Wednesday 9 December 2009

Cook's book, about music not cooking

Cook, Nicholas. Music: A Very Short Introduction. Oxford: Oxford University Press, 1998. (Picture taken from Amazon)

This book is on the reading list for our first year students.  I tried a couple of times and found it hard to pull through the first two chapters.  It didn't quite appear to be very interesting.  However I was trying to find a quotation the other day and found out that the 4th chapter appears to be more adorable to my like.


Chapter 4 An Imaginary Object


p. 54-56


Many ancient civilizations, most notoriously that of Egypt, seem to have been haunted by a dread of decay and forgetfulness, and so attempted almost obsessively to give a permanent form to everything that their civilization embraced, to fix it for eternity; hence the existence of such time capsules as Tutankhamun's tomb.  Many cultures have been possessed by a similar desire to give music a tangible, enduring presence, and so the music of vanished societies survives to this day in the precarious form of fragile manuscripts in Japanese temples, European monastic archives, and American libraries.....


But 'survive' is perhaps too strong a word, for the music of the past exists in a kind of half-life.  Even if you understand how a notation works, there are aspects of the music about which the notation is silent.....

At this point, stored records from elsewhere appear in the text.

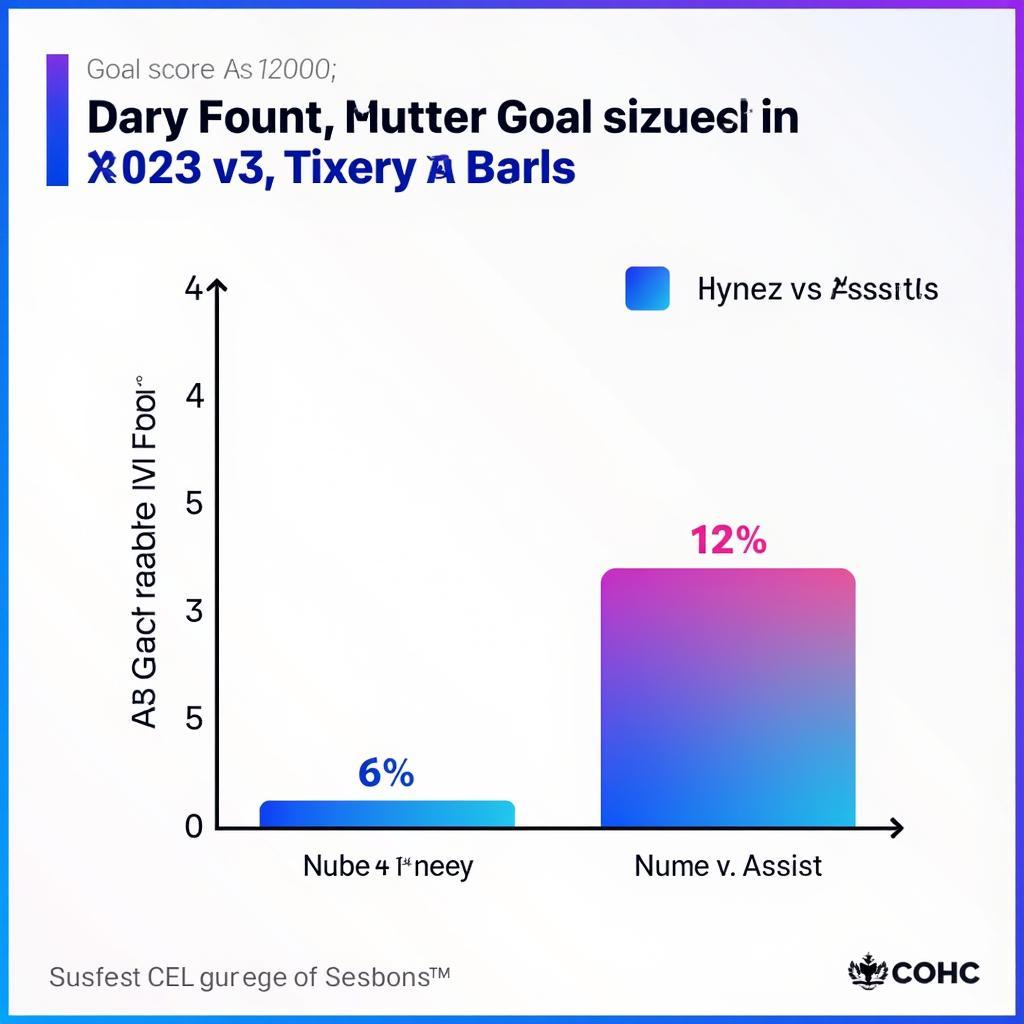 Nunez and Haaland Goal Scoring Comparison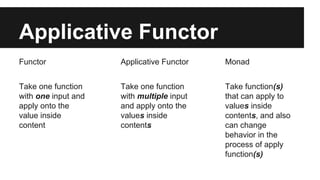 Applicative Functor 
Functor 
Take one function 
with one input and 
apply onto the 
value inside 
content 
Monad 
Take function(s) 
that can apply to 
values inside 
contents, and also 
can change 
behavior in the 
process of apply 
function(s) 
Applicative Functor 
Take one function 
with multiple input 
and apply onto the 
values inside 
contents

The same problems apply to far more recent music, too.  You might assume that we would know how a nineteenth-century composition like Gounod's Ave Maria, say, was performed in its own time; after all, it has enjoyed a continuous performance traditions, unlike earlier music that has had to be laboriously reconstructed from the original sources.  But  there is a very early recording, dating from 1904, which casts doubt on this.  It was made by Alessandro Moreschi, the last castrato, who was in his time called 'the angel of Rome'.  During the seventeenth and eighteenth centuries boys with especially promising voices were sometimes castrated to prevent their voices breaking, and the resulting male sopranos took the lead roles in opera as well as singing in choirs.....

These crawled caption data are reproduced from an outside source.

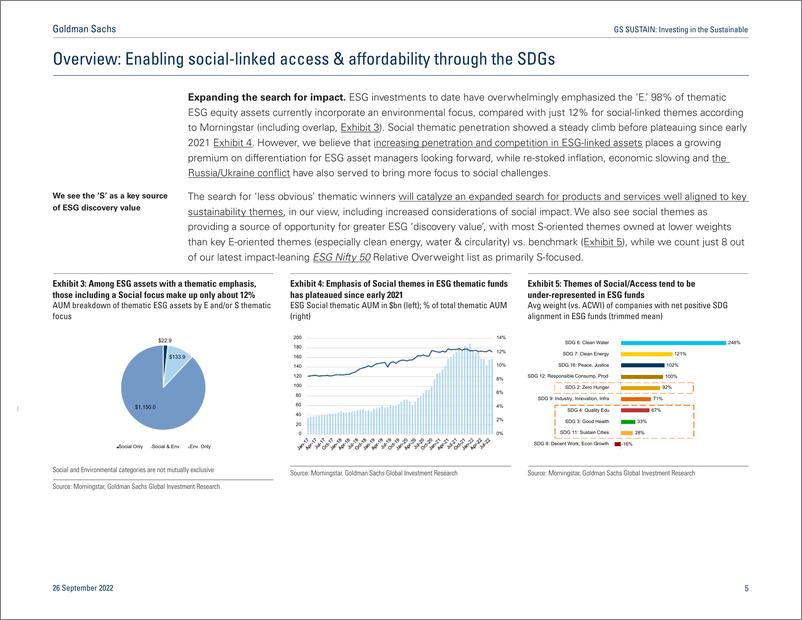 《GS SUSTAI Investing in the Sustainable Development Goal Social Capita How business can drive impact through affordability (1)》 - 第6页预览图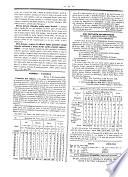 Gazzetta medica italiana, Lombardia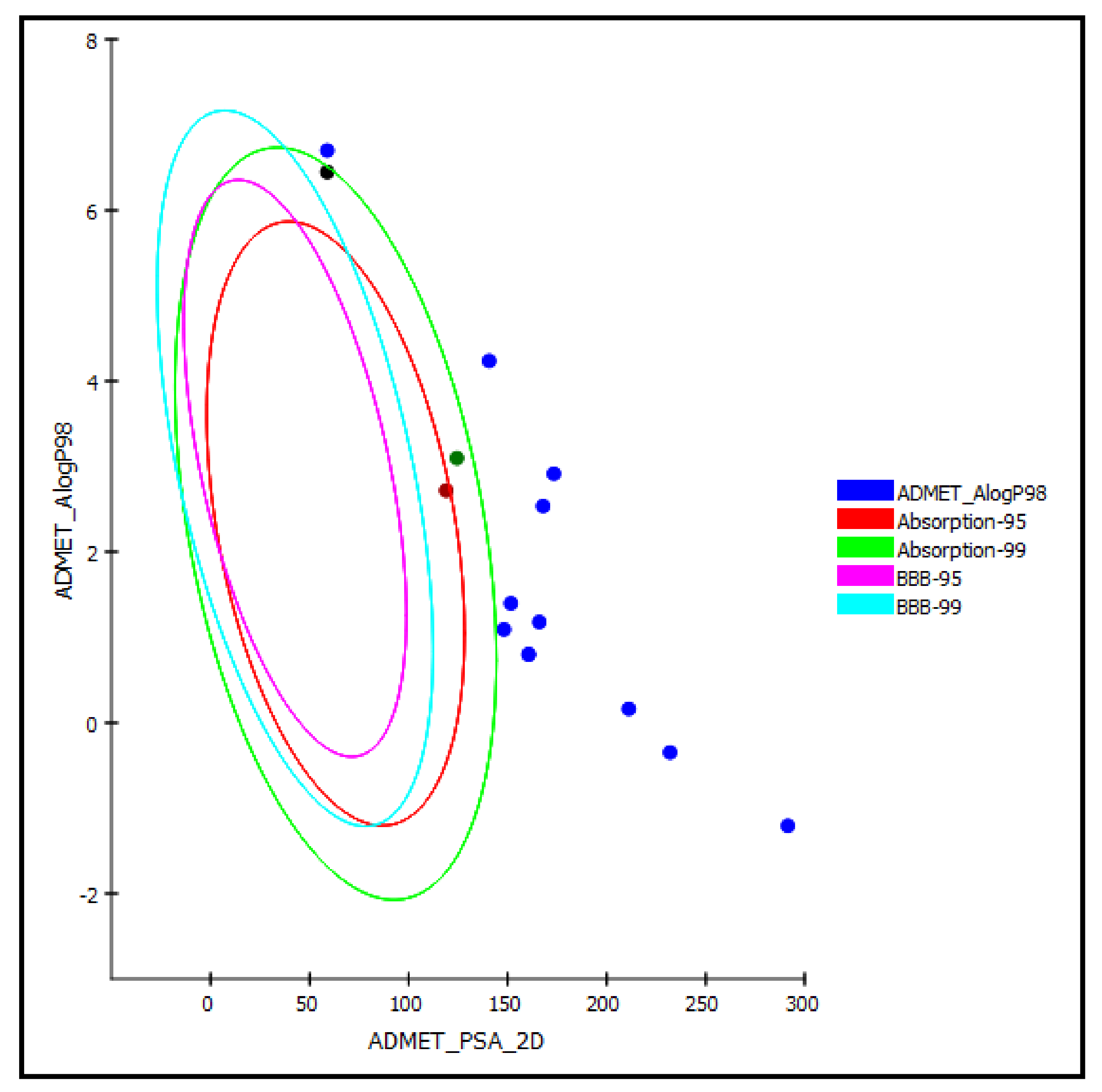 Molecules 26 06331 g007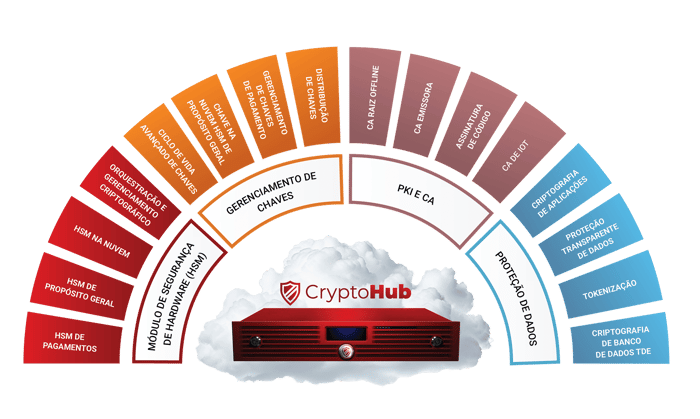 Crypto Hub – Soluções de criptografia tudo em um para HSMs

Actually found this on youtube, have a listen to the Castrato version of Ave Maria, very interesting.



p. 61


If we treated notation the way some Christian fundamentalists treat the Bible--if we said that anything that isn't in the score shouldn't be in the performance--then computer controlled synthesizers would by now have put performers out of a job: it takes a machine to perform the music literally, mindlessly, without expression.  But we don't treat notation this way.  The fact that the notation doesn't care about subtleties of temporal or dynamic shaping doesn't mean we don't care about them.  And if our notation simplifies the music by eliminating these things, that is because it is in the nature of notations to simplify.  A notation that tried to put everything in would end up being far too complicated to read.....


p. 64-67


Master of the Smallest Link


The pattern of what is determined by notation and what isn't, what is to be taken as given and what is a matter of performance interpretation, is one of the things that defines a musical culture; it defines not only how music is transmitted but also how the various individuals whose activities together make up a musical culture relate to one another.  It also largely determines how people imagine music within a given culture--most obviously how composers conceive their music, through you could say that it is shared patterns of imagination that bind all the members of a musical community together.  To composer within any given traditions, then, is to imagine sounds in terms of the particular configurations of determinacy and indeterminacy appropriate to that tradition, and this in turns means that notation is much more profoundly implicated in the act of composition than many accounts of the compositional process might lead you to believe.


There are two famous sources relating to the ways in which Mozart and Beethoven respectively conceived their music.  In a letter that only came to light at the beginning of the nineteenth century (it was first published in 1815), Mozart explained how musical ideas would come to him unbidden.....


And corroboration of this account of the compositional process comes from the composer Louis Schlösser, who at the age of 85 published an account of a meeting he had with Beethoven more than sixty years before, in 1822.....


The degree of consensus between these accounts is remarkable.  Both Maozrt and Beethoven emphasize how they can 'see' or 'survey' the music at a glance, and compare it to a picture.....


The explanation for the striking disparity between what Beethoven said and what he did is in fact depressingly simple, and the story has been told by Maynard Solomon.  The letter attributed to Mozart was almost certainly and invention of Friedrich Rochlitz, the journalist and critic who edited the magazine in which it first appeared.  And Schlösser's account of his conversation with Beethoven was almost certainly copied consciously or unconsciously from Rochlitz's letter; the two are just too similar for any other interpretation to be plausible.  Contemporaries believed these accounts were authentic not because they corresponded to how Mozart or Beethoven composed, nor even probably because they corresponded to what Mozart or Beethoven said, but because they represented what, in nineteenth-century eyes, the composers ought to have said.
  
It always fascinates me how human want to explain, identify, or try to understand what music values and what it is like behind the creative process.  As a part of the society, composers probably can't avoid to embrace the current culture or philosophical movements and the heritage from the past.  Nonetheless, comprehending those concepts not necessary teaches us how to write music.  Interesting.